*WHAT YOU HAVE TO DO*.
Please return all lines of the data below containing the string "uomo".

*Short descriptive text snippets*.
-=-=-=-=-
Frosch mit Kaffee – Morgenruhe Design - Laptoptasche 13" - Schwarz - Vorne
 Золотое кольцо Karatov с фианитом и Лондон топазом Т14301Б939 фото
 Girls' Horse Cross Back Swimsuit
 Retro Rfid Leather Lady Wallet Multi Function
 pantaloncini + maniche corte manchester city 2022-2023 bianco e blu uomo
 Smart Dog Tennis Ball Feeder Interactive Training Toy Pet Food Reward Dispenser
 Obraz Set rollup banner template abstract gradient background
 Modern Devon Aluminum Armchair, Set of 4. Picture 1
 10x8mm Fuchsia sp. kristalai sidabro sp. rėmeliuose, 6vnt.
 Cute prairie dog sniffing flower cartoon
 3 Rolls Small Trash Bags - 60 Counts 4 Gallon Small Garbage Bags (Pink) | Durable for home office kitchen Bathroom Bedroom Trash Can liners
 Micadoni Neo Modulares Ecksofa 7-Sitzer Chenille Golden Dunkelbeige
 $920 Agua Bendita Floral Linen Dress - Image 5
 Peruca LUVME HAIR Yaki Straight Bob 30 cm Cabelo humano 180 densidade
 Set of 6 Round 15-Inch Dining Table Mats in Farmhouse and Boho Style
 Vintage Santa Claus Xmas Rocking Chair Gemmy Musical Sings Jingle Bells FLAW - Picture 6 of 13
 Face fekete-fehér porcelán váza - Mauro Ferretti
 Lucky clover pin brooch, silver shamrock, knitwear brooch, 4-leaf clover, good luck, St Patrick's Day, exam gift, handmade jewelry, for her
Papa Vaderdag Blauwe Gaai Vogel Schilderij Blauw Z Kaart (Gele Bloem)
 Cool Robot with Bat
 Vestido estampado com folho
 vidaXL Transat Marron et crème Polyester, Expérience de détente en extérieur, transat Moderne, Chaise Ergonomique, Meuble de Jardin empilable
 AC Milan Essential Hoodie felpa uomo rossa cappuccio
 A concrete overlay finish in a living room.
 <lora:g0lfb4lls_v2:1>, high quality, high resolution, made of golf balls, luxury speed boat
-=-=-=-=-
*TASK ANSWER*.
 pantaloncini + maniche corte manchester city 2022-2023 bianco e blu uomo
 AC Milan Essential Hoodie felpa uomo rossa cappuccio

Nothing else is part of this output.